ADALET, ANCAK O ZAMAN TECELLİ EDER !..

HAK, HUKUK ANLAMINI ALLAH'TAN ALMALIDIR.ADALET, ANCAK O ZAMAN TECELLİ EDER !..


     " Doğrusu Biz, görünen görünmeyen iradeli varlıklar içinden akleden kalpleri olup da kavramayan, gözleri olup da görmeyen, kulakları olup da işitmeyen bir çoklarını cehennem için ortaya çıkarmışızdır. Hayvan gibidir onlar, belki daha da şaşkın! Onlar gaflete gömülmüş olan zavallılardır." ( A'râf sûresi, âyet 179 ) 

       Ayeti kerime de, iki varlığın da " kâlpleri, gözleri ve kulakları" olan varlıklar olduğu dile getiriliyor. Söz konusu edilen " kâlb"in iman ve inkâr mahalli, göz ve kulağın ise görme ve işitme duyusundan kinaye olarak mecaz olması mümkündür. 
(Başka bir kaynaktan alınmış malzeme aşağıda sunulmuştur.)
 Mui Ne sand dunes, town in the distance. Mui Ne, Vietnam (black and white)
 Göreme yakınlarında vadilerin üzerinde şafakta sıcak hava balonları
     Ancak, iman ve inkârda, bilgiyi akıl yürütme ya da nakil yoluyla almada birbirine eşit olan bu yaratıklardan bu üç fonksiyonu kullanmayanların basbayağı görünen fiziki varlıklar olan " hayvan sürüsü"ne benzetilmesi de üzerinde kafa yorulması gereken dikkat çekici bir noktadır. 

     Aziz Kur'an burada düşünme faaliyetini kalbe isnat etmiştir. Bilinen bir gerçektir ki, akıl isim olarak zaten Kur'an'da hiç geçmemekte, onun yerini kalp almaktadır. Akletme ise  kalbin bir faaliyeti olarak dile getirilmektedir. 
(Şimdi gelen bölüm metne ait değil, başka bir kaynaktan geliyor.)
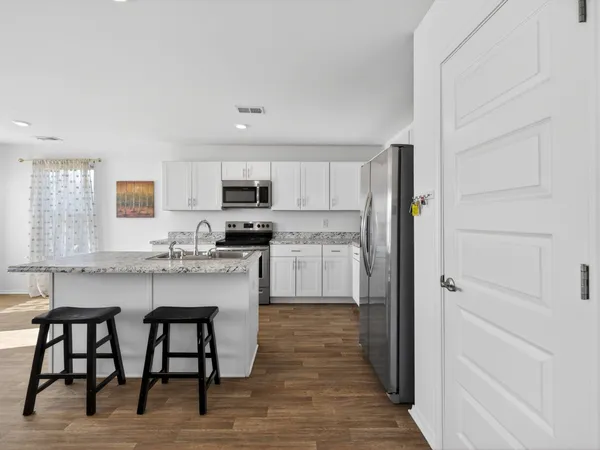 a kitchen with white cabinets and stainless steel appliances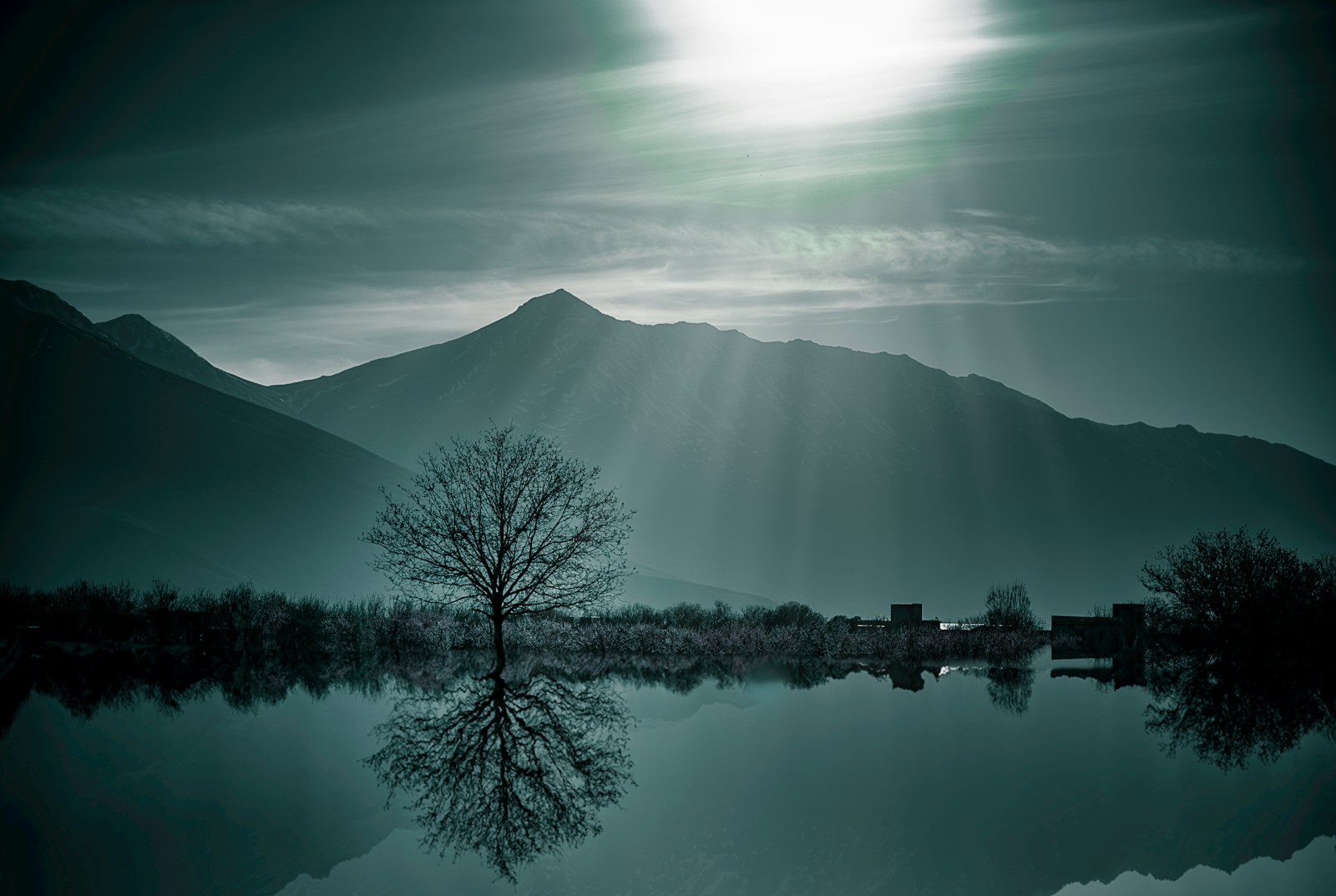 body of water with mountains nearby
     Kur'an tefekküründe, kalp aklın arşıdır. Vahiy kalbe iner, akıl kalpten neş'et eder. Bu kalbin kan pombası olmayıp iman ve inkârın makarrı olan mânevî merkez olduğu açıktır. 

     Kur'an sistematiğinde taakkulun kalbe nisbeti, düşünme faaliyetinin entelektüel faaliyetle sınırlanmayıp sezgiyi de içine alacak şekilde geniş tutulduğunu ifade eder. 
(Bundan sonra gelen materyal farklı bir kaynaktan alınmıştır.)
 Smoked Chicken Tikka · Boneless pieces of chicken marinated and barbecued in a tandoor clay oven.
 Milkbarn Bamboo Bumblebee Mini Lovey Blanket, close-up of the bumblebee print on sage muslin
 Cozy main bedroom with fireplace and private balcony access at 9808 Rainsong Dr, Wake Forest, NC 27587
     Malumdur ki, " hayvan gibi olmak", davranışlarında ahlâk ve değer kaygısı taşımamak, yani " mükerrem"  varlık olan insanı organizmaya indirgemek. Peki, ya " hayvandan da aşağı " olmak ne demektir? 

     Bu da canlı bir " organizmayı" , fıtratını bozarak yapay bir " mekanizmaya" indirgemek. Modern zamanlarda gen teknolojisinin  insan, hayvan ve bitkilere yaptığı genetik müdahale, buna dehşet verici bir örnektir." ( Kur'an Meali)  Onun içindir ki;

     " Bırakınız bizim açımızdan /İslamî değerleri en önde, hep önde tutma arzusunda olanlar açısından, sırf demokrasi diyenler açısından bu argümanlara baksanız yine hüsran, hep hüsran; daima kandırmaca ve göz boyama görürsünüz!

     Ne hoş görüsü, ne ifadesi, neyin ifadesi! Ne egemenliği, kimin egemenliği! Ne halkı, ne seçimi! Asla! Siz, size biçilen formatta ve sınırlar dâhilinde sanal, tiyatral  trajik ve figüranlıktan öte geçmeyen, bir iddia ve ideal taşımadan size sunulanlar kadarıyla, lütfen lütfedilenlerle yetinmek zorundasınız!

     Sınırları zorlamak yok, sorgulamak yok, talep etmek yok! Ölümle korkutulup ( faşizm, komünizm, diktatörlük vb.) sıtmaya ( demokrasi) razı kılınmak bu olsa gerek! Belki de tersi! 

     Daha en başta siz birilerine egemenlik/yasama hakkı tanıyorsanız peşinen adaletsizliğe razısınız demektir! Bu kişi ve kurumlar ne adına hakkaniyet güdecek? Niye güdecek? Sizi mi kayıracak, kendini ve avenesini mi, toplumu mu, devleti mi?! Halkın egemenliği ne menem iştir! Hak, hukuk anlamını Hakktan, yegâne hâkim ve üstün güç Allah'tan almalıdır! Adalet ancak o zaman tecelli eder! 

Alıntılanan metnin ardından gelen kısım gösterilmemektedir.